Challenging the Law: The law has been challenged on the ground that:
- It bars judicial review, which is a basic feature of the Constitution,
- It imposes an arbitrary irrational retrospective cutoff date
- It abridges the right to religion of Hindus, Jains, Buddhists and Sikhs.
Other Criticisms
- It was passed in the most undemocratic of manners possible, without any regard for fundamental rights of affected parties, in particular the right of formerly colonised indigenous communities to seek reclamation of occupied religious cum civilisational sites”
What has the Supreme Court said on the status freeze?
- In its final verdict on the Ayodhya dispute, the Supreme Court had observed that the Act “imposes a non-derogable obligation towards enforcing our commitment to secularism”.
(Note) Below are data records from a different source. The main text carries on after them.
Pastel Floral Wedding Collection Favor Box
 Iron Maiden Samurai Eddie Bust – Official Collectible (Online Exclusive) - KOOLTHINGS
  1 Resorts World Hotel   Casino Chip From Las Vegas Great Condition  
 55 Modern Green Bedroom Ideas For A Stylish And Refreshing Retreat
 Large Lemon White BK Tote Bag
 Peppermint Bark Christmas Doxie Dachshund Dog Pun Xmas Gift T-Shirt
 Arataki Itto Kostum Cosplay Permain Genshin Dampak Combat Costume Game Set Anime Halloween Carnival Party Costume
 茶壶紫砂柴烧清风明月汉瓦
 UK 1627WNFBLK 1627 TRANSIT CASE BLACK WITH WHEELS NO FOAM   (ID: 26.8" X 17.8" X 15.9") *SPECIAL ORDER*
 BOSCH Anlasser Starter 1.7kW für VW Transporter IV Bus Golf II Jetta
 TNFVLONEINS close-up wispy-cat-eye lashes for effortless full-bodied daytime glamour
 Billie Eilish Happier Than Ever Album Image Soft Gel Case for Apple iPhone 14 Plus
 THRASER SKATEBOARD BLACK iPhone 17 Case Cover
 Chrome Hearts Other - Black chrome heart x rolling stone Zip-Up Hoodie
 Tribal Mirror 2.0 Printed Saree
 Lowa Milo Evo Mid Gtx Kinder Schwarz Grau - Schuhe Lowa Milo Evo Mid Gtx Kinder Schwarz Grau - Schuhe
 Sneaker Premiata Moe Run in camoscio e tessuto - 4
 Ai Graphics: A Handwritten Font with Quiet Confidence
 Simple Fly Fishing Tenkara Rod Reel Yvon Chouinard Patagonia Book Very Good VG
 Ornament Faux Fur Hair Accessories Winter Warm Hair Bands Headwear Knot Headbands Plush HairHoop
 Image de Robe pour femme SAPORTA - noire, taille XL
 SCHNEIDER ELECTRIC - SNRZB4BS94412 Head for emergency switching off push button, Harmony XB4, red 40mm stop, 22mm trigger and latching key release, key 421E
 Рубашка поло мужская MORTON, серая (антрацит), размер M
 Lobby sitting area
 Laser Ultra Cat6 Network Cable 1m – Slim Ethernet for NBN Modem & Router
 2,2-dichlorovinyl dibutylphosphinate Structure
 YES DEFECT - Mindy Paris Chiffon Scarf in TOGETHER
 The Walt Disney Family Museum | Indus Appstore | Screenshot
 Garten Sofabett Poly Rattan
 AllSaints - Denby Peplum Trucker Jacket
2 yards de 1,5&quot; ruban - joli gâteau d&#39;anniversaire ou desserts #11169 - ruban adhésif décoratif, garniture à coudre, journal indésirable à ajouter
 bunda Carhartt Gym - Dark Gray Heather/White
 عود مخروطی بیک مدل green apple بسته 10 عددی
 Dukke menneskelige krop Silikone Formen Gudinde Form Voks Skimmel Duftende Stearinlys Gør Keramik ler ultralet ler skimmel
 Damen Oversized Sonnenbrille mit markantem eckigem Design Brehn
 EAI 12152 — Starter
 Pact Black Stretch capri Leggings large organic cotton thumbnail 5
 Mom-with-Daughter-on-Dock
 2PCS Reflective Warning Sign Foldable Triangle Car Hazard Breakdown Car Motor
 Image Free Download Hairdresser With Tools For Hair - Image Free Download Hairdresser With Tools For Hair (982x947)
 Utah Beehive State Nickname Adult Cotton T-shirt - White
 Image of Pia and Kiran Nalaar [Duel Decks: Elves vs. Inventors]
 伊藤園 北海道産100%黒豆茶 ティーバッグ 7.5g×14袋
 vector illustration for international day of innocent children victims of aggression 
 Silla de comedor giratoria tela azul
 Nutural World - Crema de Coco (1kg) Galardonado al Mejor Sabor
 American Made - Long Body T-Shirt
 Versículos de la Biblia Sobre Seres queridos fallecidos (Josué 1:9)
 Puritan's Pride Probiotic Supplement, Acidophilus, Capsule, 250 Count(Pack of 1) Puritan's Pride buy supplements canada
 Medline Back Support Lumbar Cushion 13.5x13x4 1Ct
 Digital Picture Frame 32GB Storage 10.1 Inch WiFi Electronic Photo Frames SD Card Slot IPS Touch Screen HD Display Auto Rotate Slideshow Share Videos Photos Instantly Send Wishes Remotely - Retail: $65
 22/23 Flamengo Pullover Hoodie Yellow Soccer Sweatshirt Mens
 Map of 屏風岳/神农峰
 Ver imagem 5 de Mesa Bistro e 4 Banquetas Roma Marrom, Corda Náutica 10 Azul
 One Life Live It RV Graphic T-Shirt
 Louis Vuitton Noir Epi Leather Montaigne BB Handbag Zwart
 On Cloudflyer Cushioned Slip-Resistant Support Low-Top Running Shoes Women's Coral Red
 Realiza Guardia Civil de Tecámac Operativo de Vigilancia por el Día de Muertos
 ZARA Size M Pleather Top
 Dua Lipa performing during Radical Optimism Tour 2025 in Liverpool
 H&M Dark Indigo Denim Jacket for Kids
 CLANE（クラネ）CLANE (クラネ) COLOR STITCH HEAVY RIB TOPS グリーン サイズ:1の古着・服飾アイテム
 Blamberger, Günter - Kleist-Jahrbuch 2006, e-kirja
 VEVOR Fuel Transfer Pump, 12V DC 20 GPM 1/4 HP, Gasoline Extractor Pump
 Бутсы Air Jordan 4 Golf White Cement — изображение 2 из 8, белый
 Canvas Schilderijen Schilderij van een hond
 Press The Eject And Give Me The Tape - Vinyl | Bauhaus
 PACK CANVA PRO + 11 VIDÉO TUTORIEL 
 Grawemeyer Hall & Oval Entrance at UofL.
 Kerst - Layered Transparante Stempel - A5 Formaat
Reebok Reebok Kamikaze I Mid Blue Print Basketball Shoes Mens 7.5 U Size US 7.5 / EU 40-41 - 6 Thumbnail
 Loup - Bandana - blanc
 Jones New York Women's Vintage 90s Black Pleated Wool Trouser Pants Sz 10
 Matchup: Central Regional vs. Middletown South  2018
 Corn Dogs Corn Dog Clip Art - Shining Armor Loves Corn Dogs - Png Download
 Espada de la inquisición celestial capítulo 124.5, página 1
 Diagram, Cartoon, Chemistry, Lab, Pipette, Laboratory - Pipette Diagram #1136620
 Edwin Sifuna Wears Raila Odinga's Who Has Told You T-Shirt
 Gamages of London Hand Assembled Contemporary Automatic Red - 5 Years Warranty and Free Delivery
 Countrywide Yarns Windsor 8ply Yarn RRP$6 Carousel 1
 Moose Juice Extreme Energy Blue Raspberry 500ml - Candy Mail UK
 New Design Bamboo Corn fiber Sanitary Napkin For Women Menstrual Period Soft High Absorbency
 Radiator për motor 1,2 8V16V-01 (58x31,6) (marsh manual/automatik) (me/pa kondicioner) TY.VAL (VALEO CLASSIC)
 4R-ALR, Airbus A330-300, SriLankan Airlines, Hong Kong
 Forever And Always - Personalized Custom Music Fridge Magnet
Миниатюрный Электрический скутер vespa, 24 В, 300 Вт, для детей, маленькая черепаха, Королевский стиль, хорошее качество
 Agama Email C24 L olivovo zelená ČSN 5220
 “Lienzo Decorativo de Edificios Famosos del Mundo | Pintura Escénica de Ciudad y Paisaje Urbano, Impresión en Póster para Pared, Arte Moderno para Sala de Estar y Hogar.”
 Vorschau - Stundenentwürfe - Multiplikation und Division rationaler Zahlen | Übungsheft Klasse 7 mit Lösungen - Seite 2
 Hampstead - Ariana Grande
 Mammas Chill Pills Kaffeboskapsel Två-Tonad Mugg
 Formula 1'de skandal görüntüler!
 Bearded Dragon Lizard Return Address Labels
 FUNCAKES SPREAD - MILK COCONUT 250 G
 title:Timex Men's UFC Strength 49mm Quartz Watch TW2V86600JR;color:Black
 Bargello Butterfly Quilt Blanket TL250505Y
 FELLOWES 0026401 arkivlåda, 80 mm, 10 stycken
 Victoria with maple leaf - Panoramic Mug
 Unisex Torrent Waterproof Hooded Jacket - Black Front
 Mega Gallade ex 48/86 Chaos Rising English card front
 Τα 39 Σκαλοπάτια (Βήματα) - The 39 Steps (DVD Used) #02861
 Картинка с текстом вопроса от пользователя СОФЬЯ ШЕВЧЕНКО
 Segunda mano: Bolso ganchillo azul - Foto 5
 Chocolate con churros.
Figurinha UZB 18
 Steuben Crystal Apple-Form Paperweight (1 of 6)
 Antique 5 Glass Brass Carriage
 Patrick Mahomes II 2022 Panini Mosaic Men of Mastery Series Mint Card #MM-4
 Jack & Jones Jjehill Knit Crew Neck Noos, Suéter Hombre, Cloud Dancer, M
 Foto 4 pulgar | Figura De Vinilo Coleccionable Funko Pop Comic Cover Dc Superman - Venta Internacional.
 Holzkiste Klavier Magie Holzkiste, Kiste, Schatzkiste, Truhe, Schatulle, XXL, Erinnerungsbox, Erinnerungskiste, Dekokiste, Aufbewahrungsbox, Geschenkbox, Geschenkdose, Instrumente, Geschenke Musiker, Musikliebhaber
- The court went on to say: “Non-retrogression is a foundational feature of the fundamental constitutional principles, of which secularism is a core component.”
- The court described the law as one that preserved secularism by not permitting the status of a place of worship to be altered after Independence.
- In words of caution against further attempts to change the character of a place of worship, the five-judge Bench said, “Historical wrongs cannot be remedied by the people taking the law in their own hands.
- In preserving the character of places of public worship, Parliament has mandated in no uncertain terms that history and its wrongs shall not be used as instruments to oppress the present and the future.”
Way Ahead
- Every religious community must be brought into confidence that their places of worship would be preserved and that their character would not be altered.
- At the same time, this law should not bar judicial review, which is a basic feature of the Constitution.